Mean, Mode, and Median
The Central Tendency of a distribution is an estimate of the “center” of a distribution of values. All three types, Mean, Mode, and Median are estimates of central tendency. I explain each type using the example below:
Example: 10 groups of guests visiting a new theme park were interviewed and asked the question, “How many people are in your group today?” The following 10 answers were given:
1, 2, 3, 4, 3, 4, 5, 4, 6, 2
The Mean (or average) is the most commonly used method of describing central tendency. The Mean is calculated from the sum of all the values divided by the total number of values.
Mean = 3.4 (the sum of the answers, which is 34 divided by 10)
The Mode is the most frequently occurring value in the data set.
Mode = 4 (since 4 is the most frequently occurring answer, occurring 3 out of the 10 responses)
The Median is the value found in the exact middle of the set of values when the values are put in order from least to greatest, or in numeric order. If there is an even number of values (and hence two ‘middle’ values) then the Median is calculated as the Mean of the two middle values.
Median = 3.5 (when arranged in order (1, 2, 2, 3, 3, 3, 4, 4, 5, 6), the middle values are 3 and 4. Since there are two middle values, the Median is calculated as the Mean of the two middle values, in this case the sum of the two values 3 & 4 divided by the total number of values, which is 2. (3 + 4) / 2 = 3.5.
Minimum, Maximum, Range, and Quartiles
The Minimum, Maximum, Range, and Quartiles are used to determine the spread of the data values. Range shows the spread of the distribution and is calculated by subtracting the smallest value (minimum) from the largest value (maximum).The Quartiles are one-quarter (1st Quartile – 25% ) and three-quarters (3rd Quartile – 75%) of the way through a range of values. Range and Inter-quartile range (the difference between the upper- and lower-quartiles) are basic measures of the spread of the survey data.
Variance, Standard Deviation, and Standard Error
The Variance, Standard Deviation, and Standard Error of the Mean measure the entire spread of data in a more advanced way. All methods are used in Significance Testing and are calculated by taking every data value into account. Variance and Standard Deviation measure how much each individual response differs from the Mean of all responses. If the distribution of data from the survey is closely grouped, the difference will be relatively small. If the distribution of data is widely spread, the difference will be bigger. Standard Deviation is a measure of the spread of values in a distribution and is calculated by taking the square route of Variance. It gives an indication of how much the values deviate from the Mean. Standard Error of the Mean is the Standard Deviation divided by the square root of the survey sample size.
Normal Distribution is also referred to as the bell-shaped curve. The bell-shape of the Normal Distribution makes it a convenient choice for representing a large variety of random variables.

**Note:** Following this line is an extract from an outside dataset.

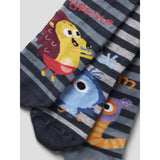 Name It Ombre Blue Nmmadyl Borste 3-Pak Strømper Dr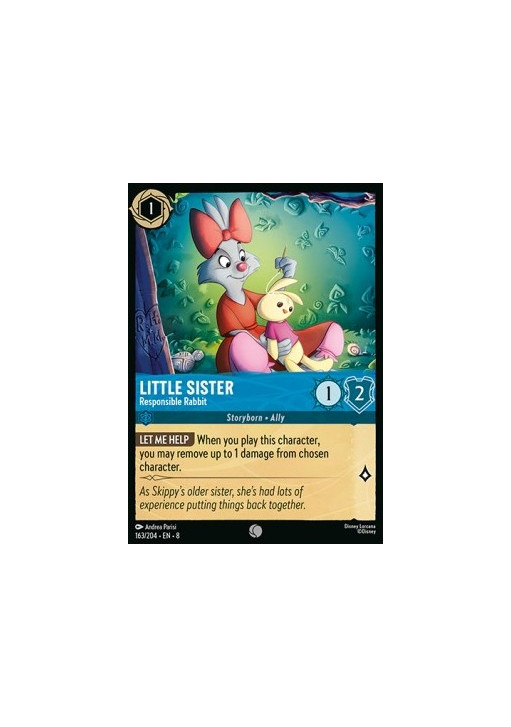 Little Sister - Responsible Rabbit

Normal Distribution is a pattern of data that fits many naturally occurring scenarios, e.g. height and weight of adult humans. Many statistical tests assume the data are distributed normally. Statistical tests exist to examine whether or not data are normally distributed.
Graphical representation of Normal Distribution
Kurtosis and Skewness
Kurtosis and Skewness measure the degree to which a set of data values differs from the Normal Distribution. There are several ways of calculating Kurtosis and Skewness for a distribution of data and compatible ways of estimating them from a sample of a population. It is, however, very rare that either Kurtosis or Skewness are used or referenced.
Kurtosis measures the whole extent of the distribution curve – a positive value or high Kurtosis distribution is evident in a sharp peak and longer, flatter tails (that is, the data is clustered around the central mean). A negative value or low Kurtosis distribution has a more rounded peak and a shorter, thinner tail, which indicates that the distribution is flatter and more spread out than normal.
Skewness measures the extent to which the tails of the data may be more drawn out on one side than the other. The Skewness value can be positive or negative, or even undefined. A value of zero or a value close to zero indicates that the left- and right-hand sides of the distribution are balanced. If the Skewness is positive, then the peak of the graph (the Mode) is closer to the left-hand side. If this occurs, the Mean value is greater than the Median. If Skewness is negative, then the opposite is true – the Mean is less than the Median, and the peak of the graph shifts to the right-hand side.